Material provided –

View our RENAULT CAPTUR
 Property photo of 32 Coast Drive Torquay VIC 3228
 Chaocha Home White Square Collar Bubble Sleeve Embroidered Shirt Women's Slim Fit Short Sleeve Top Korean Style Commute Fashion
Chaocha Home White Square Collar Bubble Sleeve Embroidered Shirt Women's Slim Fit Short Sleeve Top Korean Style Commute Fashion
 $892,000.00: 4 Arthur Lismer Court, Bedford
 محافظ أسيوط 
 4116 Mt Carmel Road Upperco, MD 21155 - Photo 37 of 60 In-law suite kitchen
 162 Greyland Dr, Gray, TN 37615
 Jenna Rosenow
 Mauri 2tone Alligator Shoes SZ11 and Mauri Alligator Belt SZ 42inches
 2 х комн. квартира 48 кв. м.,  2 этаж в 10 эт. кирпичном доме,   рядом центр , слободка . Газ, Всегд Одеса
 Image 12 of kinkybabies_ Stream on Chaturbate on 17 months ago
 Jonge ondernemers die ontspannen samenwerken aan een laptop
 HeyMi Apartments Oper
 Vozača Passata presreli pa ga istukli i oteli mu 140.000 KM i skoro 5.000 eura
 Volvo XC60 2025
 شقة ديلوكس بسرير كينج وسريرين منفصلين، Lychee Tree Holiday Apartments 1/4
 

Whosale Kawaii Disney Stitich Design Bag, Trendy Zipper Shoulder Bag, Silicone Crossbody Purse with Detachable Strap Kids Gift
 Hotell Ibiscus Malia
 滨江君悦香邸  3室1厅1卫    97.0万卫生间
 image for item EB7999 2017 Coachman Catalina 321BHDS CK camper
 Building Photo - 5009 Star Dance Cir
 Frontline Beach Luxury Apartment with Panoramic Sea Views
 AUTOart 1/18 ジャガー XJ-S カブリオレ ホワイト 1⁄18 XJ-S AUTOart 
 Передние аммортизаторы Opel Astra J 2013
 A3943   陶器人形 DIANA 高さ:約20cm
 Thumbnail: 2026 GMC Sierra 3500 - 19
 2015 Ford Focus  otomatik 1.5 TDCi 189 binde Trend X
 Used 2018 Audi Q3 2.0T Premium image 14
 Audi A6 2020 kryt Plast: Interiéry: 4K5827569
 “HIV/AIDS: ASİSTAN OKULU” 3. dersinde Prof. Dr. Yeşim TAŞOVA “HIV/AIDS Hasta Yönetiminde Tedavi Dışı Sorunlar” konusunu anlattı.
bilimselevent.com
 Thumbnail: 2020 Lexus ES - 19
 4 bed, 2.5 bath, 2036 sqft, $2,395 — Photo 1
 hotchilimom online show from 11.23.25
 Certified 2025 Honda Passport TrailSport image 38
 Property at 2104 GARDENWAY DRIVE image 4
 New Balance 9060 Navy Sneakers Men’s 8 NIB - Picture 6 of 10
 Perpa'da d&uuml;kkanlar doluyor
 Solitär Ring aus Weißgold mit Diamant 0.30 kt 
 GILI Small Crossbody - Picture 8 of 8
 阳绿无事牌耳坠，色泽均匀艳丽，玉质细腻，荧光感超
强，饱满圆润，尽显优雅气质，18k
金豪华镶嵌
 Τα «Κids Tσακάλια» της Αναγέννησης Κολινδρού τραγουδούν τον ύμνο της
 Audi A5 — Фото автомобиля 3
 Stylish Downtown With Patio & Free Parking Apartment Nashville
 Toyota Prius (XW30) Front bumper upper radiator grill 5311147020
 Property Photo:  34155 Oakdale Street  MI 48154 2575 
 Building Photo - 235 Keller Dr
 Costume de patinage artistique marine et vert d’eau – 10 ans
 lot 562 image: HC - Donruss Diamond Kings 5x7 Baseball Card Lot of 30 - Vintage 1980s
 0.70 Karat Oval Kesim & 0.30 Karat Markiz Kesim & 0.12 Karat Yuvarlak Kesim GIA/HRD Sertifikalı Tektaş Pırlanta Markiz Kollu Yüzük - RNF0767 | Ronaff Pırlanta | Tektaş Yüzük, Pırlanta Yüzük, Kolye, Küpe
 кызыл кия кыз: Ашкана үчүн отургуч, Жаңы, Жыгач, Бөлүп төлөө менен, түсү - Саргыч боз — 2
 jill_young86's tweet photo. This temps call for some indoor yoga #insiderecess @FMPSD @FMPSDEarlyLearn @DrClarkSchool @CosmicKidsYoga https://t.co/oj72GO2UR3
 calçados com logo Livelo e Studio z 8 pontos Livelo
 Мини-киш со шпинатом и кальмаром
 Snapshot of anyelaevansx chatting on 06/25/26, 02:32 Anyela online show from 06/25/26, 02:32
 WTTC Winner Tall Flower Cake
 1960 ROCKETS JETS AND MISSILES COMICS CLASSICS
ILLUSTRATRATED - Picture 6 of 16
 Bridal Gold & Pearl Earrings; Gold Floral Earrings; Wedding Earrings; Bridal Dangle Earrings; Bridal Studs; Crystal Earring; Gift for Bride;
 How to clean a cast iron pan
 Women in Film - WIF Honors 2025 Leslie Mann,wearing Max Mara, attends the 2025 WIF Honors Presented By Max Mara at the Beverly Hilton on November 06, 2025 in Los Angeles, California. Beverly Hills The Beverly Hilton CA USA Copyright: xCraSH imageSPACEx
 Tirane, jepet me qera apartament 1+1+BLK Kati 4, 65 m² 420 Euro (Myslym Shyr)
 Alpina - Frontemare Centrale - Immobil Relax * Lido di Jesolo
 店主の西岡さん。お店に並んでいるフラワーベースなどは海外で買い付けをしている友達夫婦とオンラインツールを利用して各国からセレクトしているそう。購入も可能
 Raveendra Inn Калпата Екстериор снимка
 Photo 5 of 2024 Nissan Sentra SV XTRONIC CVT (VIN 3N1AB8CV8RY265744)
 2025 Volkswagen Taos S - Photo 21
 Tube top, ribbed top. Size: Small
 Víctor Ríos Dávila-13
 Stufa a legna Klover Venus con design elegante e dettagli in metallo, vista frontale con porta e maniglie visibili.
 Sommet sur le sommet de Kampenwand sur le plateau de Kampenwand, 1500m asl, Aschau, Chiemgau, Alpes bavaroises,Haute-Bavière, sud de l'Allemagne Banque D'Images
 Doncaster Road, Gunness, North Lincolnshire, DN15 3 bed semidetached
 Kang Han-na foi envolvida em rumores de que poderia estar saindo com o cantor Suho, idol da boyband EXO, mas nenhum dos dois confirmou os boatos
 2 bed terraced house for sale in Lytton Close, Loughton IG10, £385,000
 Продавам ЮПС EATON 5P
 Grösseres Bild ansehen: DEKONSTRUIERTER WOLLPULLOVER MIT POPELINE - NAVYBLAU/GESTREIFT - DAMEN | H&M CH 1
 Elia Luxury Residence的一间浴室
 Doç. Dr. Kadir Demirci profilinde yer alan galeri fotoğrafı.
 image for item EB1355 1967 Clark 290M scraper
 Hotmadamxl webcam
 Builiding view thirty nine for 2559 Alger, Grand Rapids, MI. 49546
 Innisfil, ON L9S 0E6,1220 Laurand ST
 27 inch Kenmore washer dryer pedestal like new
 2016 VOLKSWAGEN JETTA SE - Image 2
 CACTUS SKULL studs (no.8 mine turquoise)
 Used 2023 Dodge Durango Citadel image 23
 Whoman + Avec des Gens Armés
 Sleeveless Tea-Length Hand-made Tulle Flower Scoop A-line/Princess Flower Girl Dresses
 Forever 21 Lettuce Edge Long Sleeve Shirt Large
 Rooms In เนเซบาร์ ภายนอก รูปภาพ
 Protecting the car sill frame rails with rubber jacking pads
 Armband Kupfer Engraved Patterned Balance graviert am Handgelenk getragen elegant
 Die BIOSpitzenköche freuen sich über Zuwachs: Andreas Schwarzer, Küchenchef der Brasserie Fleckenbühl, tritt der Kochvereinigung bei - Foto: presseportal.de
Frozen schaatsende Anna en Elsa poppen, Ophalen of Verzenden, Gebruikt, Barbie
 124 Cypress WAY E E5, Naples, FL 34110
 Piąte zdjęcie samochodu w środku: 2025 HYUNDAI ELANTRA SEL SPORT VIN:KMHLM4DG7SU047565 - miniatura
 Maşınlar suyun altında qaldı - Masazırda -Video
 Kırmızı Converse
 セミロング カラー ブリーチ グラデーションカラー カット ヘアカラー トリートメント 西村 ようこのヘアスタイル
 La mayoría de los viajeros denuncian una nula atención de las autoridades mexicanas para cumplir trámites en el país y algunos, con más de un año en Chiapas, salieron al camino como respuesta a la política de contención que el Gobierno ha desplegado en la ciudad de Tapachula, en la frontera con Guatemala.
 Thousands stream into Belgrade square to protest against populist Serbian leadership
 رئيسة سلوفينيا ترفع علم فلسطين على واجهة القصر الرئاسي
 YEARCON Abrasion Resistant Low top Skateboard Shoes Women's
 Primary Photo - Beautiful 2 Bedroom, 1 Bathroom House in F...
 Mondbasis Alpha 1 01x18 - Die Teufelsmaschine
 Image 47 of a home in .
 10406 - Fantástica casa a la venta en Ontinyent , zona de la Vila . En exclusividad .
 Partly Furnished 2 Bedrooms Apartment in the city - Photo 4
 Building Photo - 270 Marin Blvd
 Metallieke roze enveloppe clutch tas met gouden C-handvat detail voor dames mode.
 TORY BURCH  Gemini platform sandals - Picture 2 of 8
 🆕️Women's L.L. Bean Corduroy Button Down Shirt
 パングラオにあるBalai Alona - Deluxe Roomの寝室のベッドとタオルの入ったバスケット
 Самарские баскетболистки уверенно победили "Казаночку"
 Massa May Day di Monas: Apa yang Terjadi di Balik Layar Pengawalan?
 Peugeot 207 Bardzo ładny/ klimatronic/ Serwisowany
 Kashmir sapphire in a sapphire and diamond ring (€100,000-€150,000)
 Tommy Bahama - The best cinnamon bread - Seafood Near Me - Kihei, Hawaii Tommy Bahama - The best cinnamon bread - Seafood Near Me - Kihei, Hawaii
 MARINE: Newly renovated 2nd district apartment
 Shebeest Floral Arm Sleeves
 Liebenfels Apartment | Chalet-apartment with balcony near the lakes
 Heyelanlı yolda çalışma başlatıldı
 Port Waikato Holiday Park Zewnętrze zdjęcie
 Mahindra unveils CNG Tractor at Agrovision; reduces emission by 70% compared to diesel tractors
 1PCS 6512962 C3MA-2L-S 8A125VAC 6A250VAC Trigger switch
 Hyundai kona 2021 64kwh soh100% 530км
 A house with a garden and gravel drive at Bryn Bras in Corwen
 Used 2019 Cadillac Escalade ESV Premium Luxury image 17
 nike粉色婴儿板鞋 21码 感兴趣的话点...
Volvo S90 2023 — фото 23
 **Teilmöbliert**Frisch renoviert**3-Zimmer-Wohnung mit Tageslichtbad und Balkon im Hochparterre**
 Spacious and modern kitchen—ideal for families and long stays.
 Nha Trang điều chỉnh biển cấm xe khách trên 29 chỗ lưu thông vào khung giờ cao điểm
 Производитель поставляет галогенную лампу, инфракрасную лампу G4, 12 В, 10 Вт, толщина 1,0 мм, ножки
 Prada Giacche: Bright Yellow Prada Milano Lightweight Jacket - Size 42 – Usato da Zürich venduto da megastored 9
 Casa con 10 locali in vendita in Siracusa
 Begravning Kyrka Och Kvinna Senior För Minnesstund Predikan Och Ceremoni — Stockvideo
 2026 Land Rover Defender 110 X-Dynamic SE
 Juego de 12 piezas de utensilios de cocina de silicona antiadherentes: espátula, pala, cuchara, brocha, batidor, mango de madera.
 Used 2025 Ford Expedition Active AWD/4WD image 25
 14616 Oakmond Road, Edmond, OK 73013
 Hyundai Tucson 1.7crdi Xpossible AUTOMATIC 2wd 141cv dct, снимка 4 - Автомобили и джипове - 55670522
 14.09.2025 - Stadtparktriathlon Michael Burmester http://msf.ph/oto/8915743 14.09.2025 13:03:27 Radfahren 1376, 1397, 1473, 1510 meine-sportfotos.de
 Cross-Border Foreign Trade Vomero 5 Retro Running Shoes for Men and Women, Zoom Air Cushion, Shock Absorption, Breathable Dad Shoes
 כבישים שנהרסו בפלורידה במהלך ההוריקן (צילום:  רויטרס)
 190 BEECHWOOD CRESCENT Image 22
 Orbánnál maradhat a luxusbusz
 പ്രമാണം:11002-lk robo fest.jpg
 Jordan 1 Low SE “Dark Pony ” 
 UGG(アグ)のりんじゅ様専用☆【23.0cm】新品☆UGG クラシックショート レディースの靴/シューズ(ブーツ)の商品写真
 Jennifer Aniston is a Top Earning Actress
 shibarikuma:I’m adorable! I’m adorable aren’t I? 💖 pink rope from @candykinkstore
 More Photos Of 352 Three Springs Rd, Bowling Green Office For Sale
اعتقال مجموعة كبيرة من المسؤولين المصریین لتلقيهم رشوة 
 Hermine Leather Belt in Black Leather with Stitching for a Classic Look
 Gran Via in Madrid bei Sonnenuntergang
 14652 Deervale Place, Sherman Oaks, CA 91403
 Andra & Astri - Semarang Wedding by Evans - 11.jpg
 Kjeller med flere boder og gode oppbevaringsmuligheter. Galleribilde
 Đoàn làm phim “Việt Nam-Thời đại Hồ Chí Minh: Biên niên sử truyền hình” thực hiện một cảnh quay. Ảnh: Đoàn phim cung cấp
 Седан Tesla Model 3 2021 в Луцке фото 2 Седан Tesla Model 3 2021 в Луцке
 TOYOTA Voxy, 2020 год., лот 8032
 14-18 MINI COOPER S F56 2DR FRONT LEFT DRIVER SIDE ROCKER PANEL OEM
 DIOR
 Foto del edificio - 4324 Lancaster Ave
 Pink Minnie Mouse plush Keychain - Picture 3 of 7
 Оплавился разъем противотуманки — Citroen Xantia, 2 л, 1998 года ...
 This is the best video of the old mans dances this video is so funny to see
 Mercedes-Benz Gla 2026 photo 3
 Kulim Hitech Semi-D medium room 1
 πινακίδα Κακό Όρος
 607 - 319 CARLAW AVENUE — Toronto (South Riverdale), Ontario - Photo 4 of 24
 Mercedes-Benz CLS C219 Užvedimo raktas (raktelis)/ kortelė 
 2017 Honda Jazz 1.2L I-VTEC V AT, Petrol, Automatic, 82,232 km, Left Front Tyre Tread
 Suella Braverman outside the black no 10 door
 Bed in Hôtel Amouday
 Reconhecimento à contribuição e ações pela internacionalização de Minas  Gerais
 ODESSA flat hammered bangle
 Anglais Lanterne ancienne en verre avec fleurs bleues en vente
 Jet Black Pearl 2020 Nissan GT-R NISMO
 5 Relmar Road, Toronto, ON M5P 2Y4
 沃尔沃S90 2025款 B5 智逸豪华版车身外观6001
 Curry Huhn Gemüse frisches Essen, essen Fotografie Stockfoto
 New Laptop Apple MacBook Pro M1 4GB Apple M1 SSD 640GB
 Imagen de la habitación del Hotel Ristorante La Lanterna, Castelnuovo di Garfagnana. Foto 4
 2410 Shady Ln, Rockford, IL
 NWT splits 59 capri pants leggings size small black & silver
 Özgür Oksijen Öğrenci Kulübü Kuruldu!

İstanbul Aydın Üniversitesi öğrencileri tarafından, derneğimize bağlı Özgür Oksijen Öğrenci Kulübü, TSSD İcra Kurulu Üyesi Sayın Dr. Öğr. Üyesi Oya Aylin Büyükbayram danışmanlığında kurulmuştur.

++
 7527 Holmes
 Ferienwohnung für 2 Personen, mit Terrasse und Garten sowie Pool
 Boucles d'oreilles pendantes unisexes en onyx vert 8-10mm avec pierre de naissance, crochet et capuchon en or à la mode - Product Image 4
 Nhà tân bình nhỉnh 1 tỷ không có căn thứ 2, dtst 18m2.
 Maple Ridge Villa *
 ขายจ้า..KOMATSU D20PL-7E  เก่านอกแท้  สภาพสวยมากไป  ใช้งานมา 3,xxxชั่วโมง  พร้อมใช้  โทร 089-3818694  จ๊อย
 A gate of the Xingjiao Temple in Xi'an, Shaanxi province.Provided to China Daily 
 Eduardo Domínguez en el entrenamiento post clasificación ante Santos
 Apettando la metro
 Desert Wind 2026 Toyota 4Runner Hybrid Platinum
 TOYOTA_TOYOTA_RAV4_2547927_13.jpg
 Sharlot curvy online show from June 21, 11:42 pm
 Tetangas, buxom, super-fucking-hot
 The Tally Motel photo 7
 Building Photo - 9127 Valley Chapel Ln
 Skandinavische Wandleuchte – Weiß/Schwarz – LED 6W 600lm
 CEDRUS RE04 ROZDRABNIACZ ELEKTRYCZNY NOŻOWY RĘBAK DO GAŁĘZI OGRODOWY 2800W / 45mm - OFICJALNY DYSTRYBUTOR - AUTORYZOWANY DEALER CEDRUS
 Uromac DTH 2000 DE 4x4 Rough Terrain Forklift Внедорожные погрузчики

Exercise description –
From the entries above, return exactly the line containing "Vozača Passata presreli", the line containing "AUTOart 1/18 ジャガー", and all lines between, and nothing else.

Response box –
 Vozača Passata presreli pa ga istukli i oteli mu 140.000 KM i skoro 5.000 eura
 Volvo XC60 2025
 شقة ديلوكس بسرير كينج وسريرين منفصلين، Lychee Tree Holiday Apartments 1/4
 

Whosale Kawaii Disney Stitich Design Bag, Trendy Zipper Shoulder Bag, Silicone Crossbody Purse with Detachable Strap Kids Gift
 Hotell Ibiscus Malia
 滨江君悦香邸  3室1厅1卫    97.0万卫生间
 image for item EB7999 2017 Coachman Catalina 321BHDS CK camper
 Building Photo - 5009 Star Dance Cir
 Frontline Beach Luxury Apartment with Panoramic Sea Views
 AUTOart 1/18 ジャガー XJ-S カブリオレ ホワイト 1⁄18 XJ-S AUTOart 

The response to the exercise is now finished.